The given task goes as follows:
Show that $ f: \mathbb{R} \longrightarrow \mathbb{R}$ defined by $f(x) = \sqrt{1 + x^2} $ is not a polynomial function.
I tried this approach - if $f(x)$ is a $n$-degree polynomial function, then the $(n+1)$-st derivative equals to 0 and I was trying to determine the $k$-th derivative of $f(x)$ (and show it differs from 0 for any $k$) but without success. Since $f(x)$ is continuous and defined over whole R domain, I have no idea how to carry on. Any ideas?
On
Alt. hint: following up on OP's idea to use derivatives, note that $\,f(x) \cdot f'(x) = x\,$, but the only polynomials which satisfy that identity are $\,f(x)=\pm x\,$ (why?).
Alternatively, show that there exists no polynomial $\,f\,$ such that $\,f^2(x)=x^2+1\,$.
On
Suppose it is a polynomial, then $$\sqrt{1+x^2}= ax^n+...+b$$
so $$1+x^2= (ax^n+...+b)^2 = a^2x^{2n}+...$$
Since polynomial are equal iff they have same degree we have $2=2n$ so $n=1$ and now we have $$ 1+x^2 = (ax+b)^2 = a^2x^2+2abx+b^2 \implies ab = 0$$ a contradiction, since $|a|=|b|= 1$.
On
The limit of the function $f(x)$ when $x$ tends to infinity is $x$. $$\lim_{x\to\infty} f(x) = x$$
Therefore, either the function $f(x)$ is a first degree polynomial or it is not a polynomial.
Also, $f ^ 2$ must be $x ^ 2 + 1$.
The polynomials of the first degree squared are either simply $x ^ 2$ or have a component $x$ other than zero: $$ (x+a)^2 = x^2 + 2ax +a^2 $$
Therefore $f (x)$ is not a first degree polynomial ($f^2$ it has no $x$ component, and is not $ x^2 $).
And since it can not have more degrees, $f (x)$ is not a polynomial.
On
Another demonstration:
A polynomial of degree one or higher when squared, should result in a polynomial that has all its roots double or more than doubles.

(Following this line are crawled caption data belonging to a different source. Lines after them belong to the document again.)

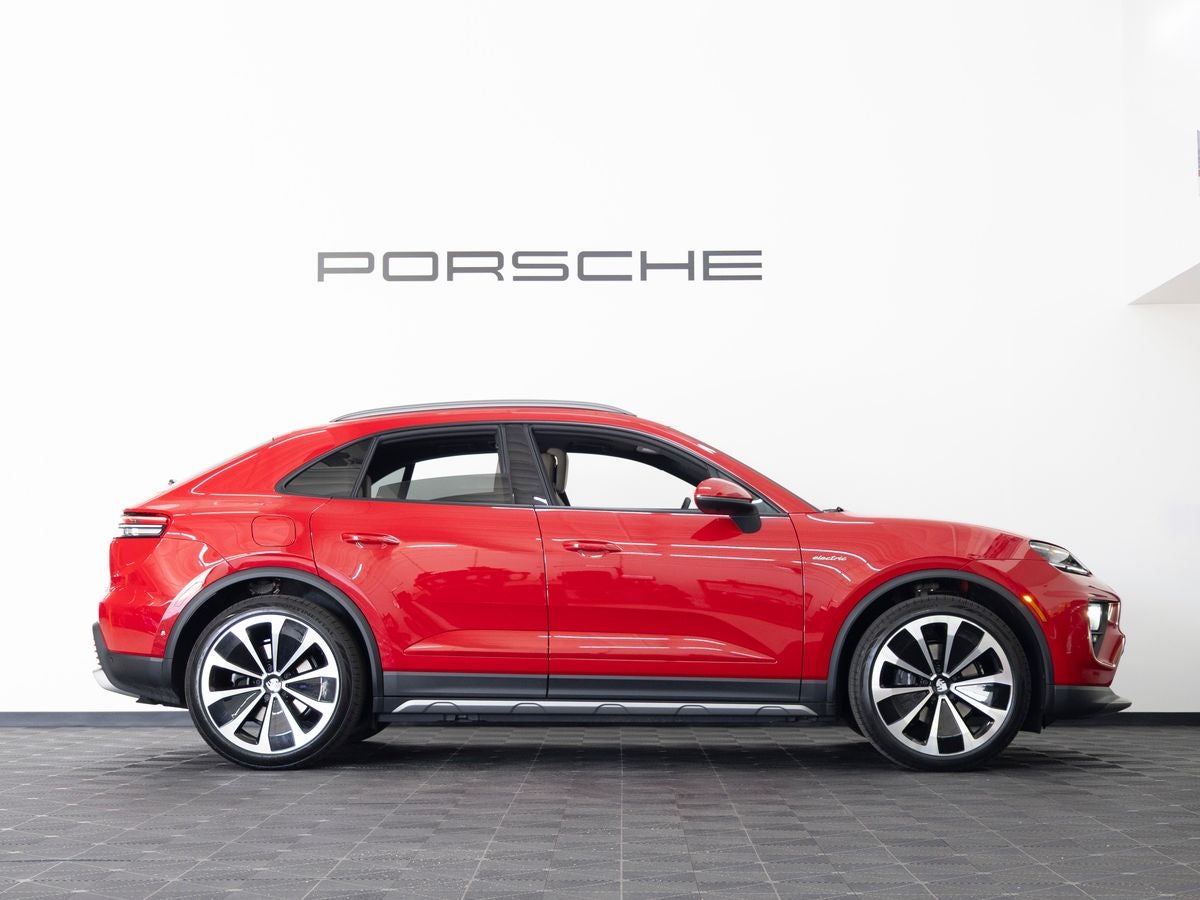 2026 Porsche Macan 4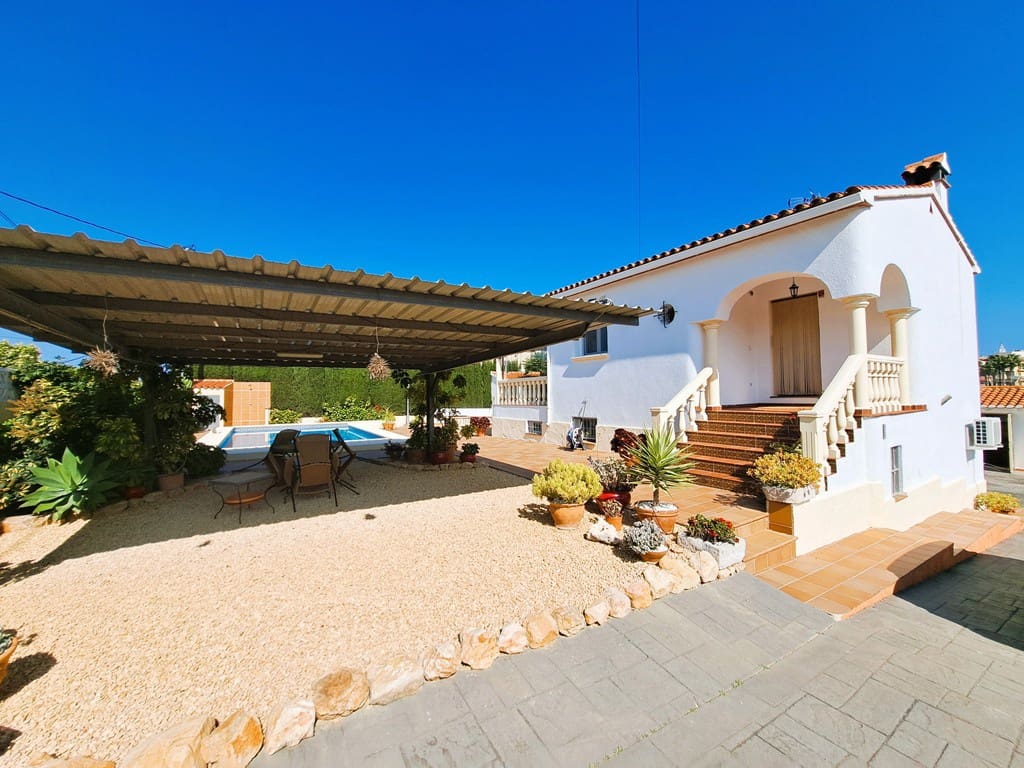 5 soveværelse Villa til salg i La Xara med swimmingpool garage - € 549.000 (Ref: 8901587)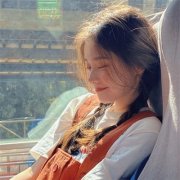 漂亮的女生甜美微笑头像高清图片(22张)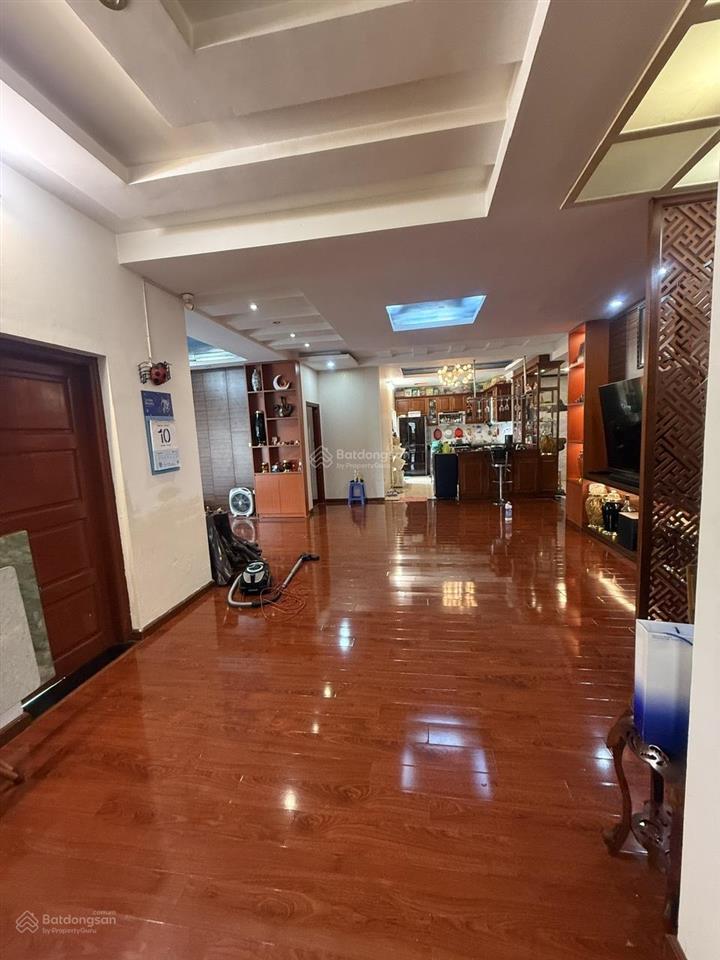 Căn hộ cao cấp 186m2 x 3pn x 3 bancon giữa khu đô thị yên hòa cầu giấy chỉ 76tr/m2.  0933 993 ***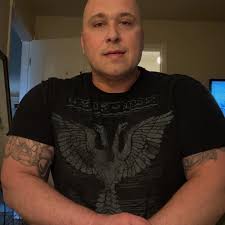 The road to 315 continues. Right now 275 1 rep max. Here's 245 for 3 reps.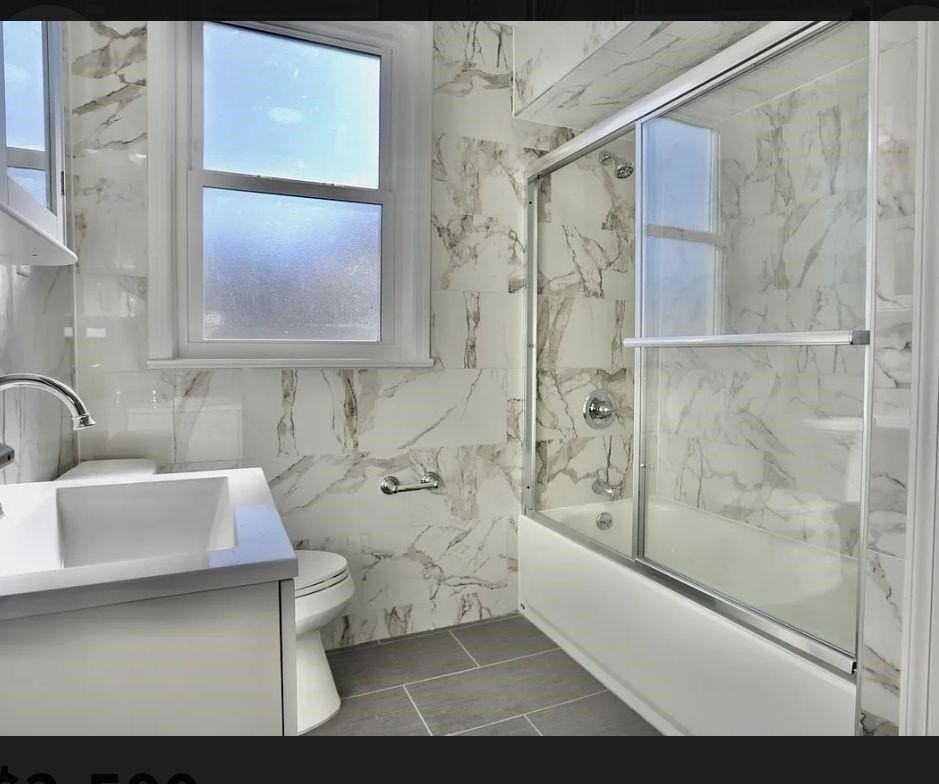 146 Clarke Ave - Photo 3 of 14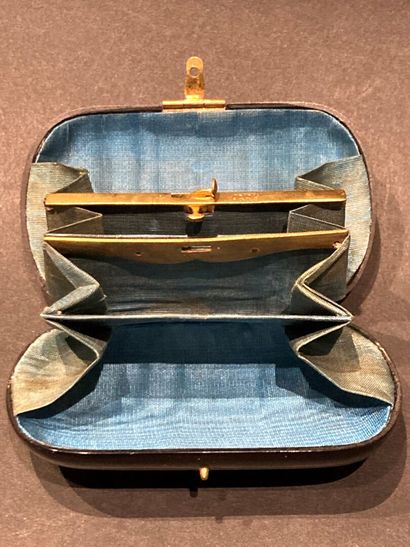 Lot including a tortoiseshell case. 
Attached...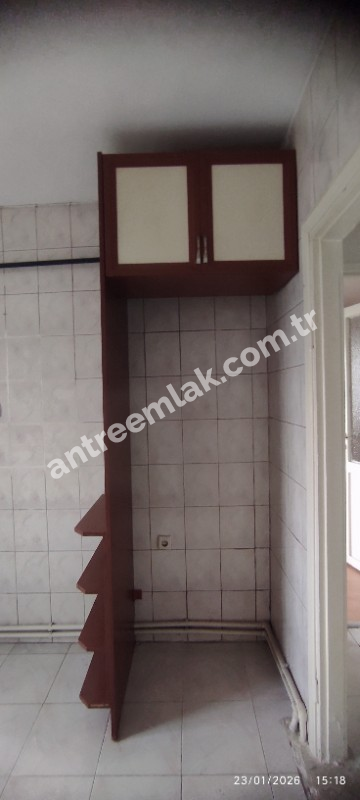 Antre Emlak'tan Kiralık Bahçelievler'de Hastane Yanı Cadde Üstü Doğalgazlı 2+1 Daire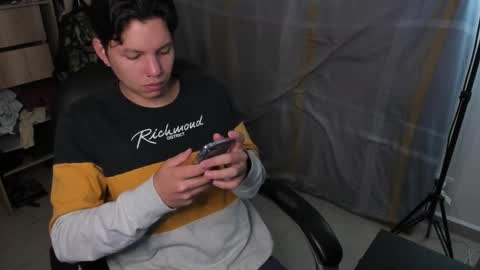 yurii_moody online show from February 17, 12:32 am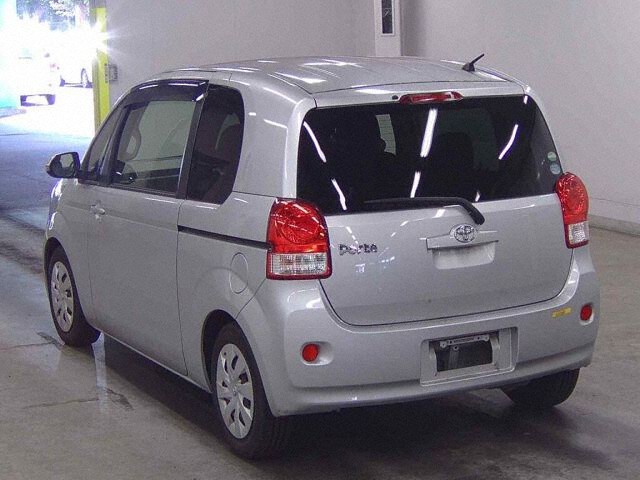 2017 Toyota Porte F auction photo 2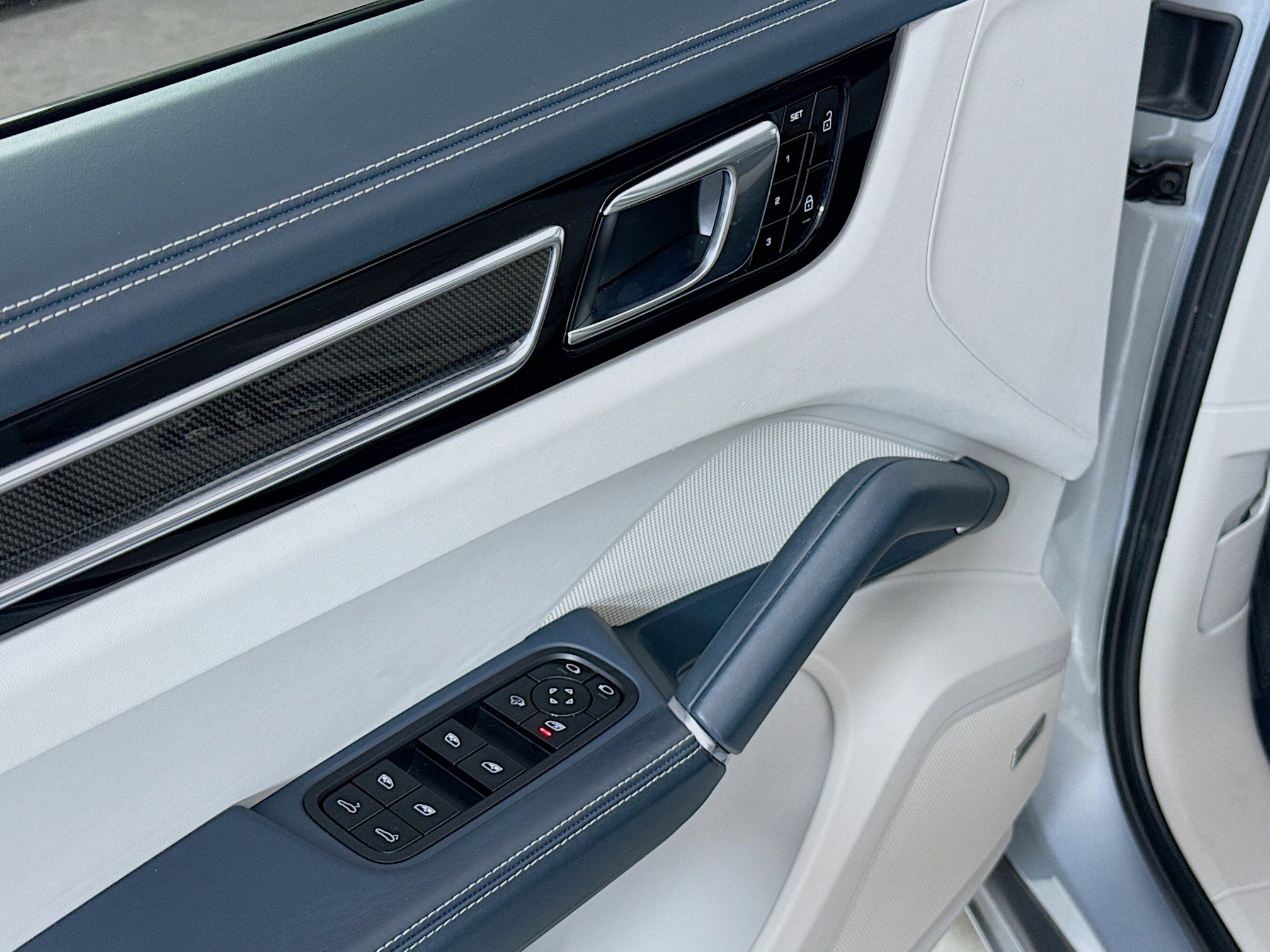 2021 Porsche Cayenne GTS photo 19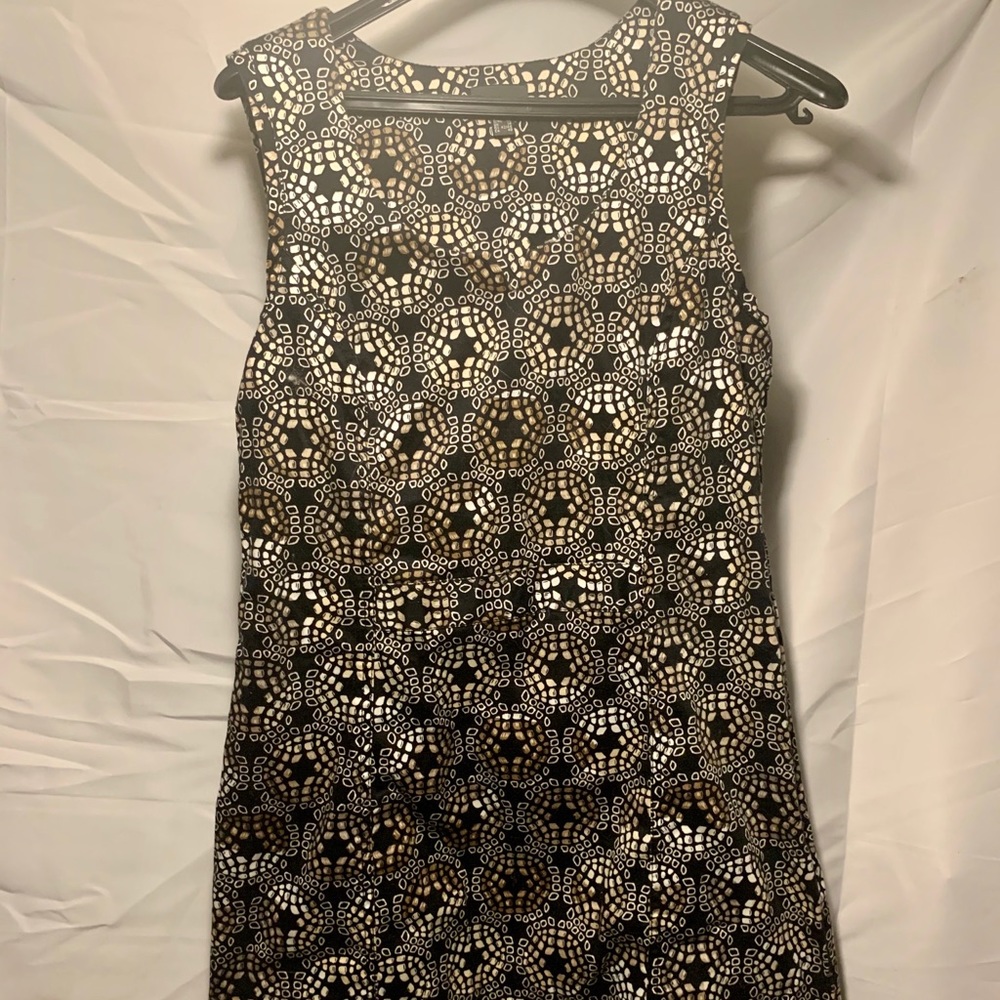NWOT! Cream/White Geo pattern Black Ladies Sz40 “MEXX” cotton cocktail dress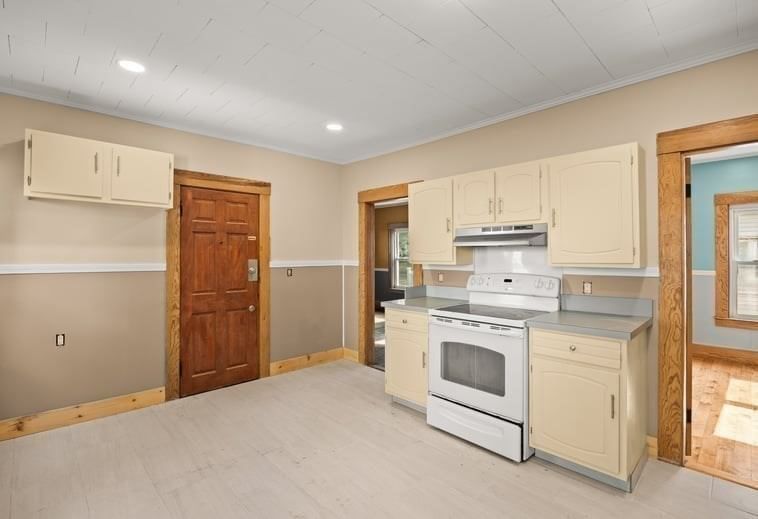 227 Dover St Brockton — Photo 32 of 41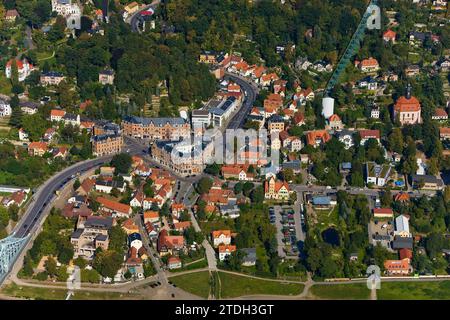 Aus der Vogelperspektive von Dresden Loschwitz mit dem Blauen Wunder, dem Königsplatz, der Schwebebahn und der Loschwitzkirche Stockfoto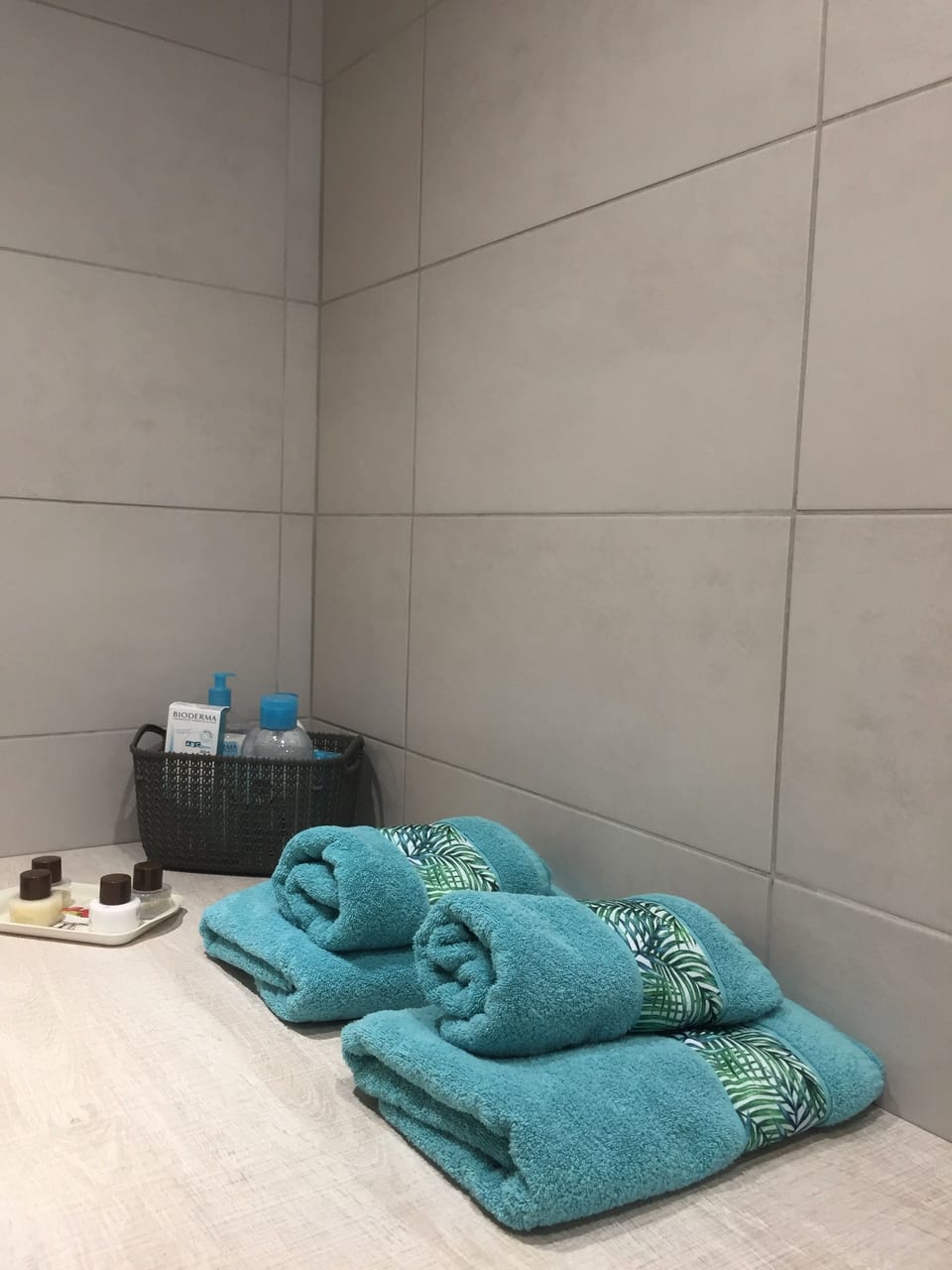 Family Duplex, 2 Bedrooms, Non Smoking, Terrace | Bathroom amenities | Shower, rainfall showerhead, designer toiletries, hair dryer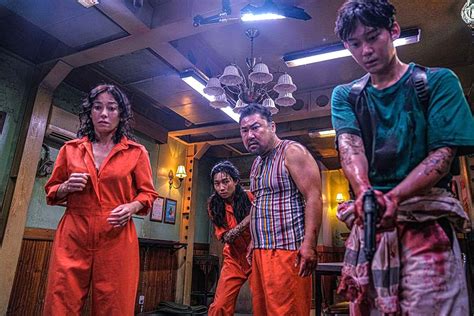 'Project Wolf Hunting' Review: South Korean Thriller Is A Campy Delight That Overstays Its Welcome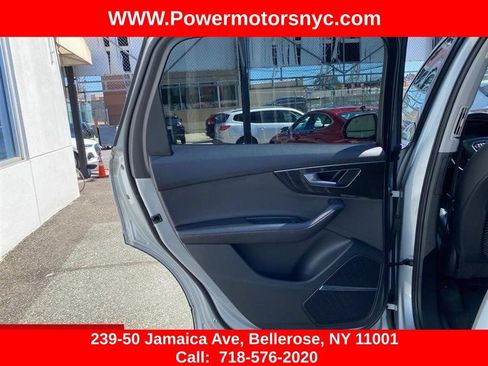 Used 2023 Audi Q7 3.0T Premium Plus AWD/4WD image 26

$f ^ 2 = x ^ 2 + 1 = (x + i) (x-i)$
That has two roots but they are not equal. And by the fundamental theorem of algebra, that factorization is unique.
Therefore f can not be a polynomial.
On
Assume $\sqrt{x^2+1}= a_nx^n+...a_1x +a_0$ , with an $a_n \not =0$.
Since $\sqrt{x^2+1}$ is an even function, the polynomial has to be even, i.e. only even powers occur.
Set $y^2:=x^2+1$, $y \ge 1$, then
$y = a_{2k}(y^2-1)^{2k} + ........+a_0.$
RHS: A polynomial in $y$ with even powers.
LHS: $y$.
A contradiction.
Suppose $f$ is a polynomial,namely $$f(x)=\sqrt{1+x^2}={a_0+a_1x+\cdots+a_nx^n}=p(x)$$ for some $n$. Then $$\frac{f(x)}{x}=\frac{p(x)}{x}$$ for all non zero $x$. Hence $$\lim_{x \rightarrow \infty} \frac{p(x)}{x}=\lim_{x \rightarrow \infty}\frac{f(x)}{x}=\lim_{x \rightarrow \infty} \frac{\sqrt{1+x^2}}{x}=1$$
which means $p(x)$ and $x$ are polynomials of same degree, a contradiction!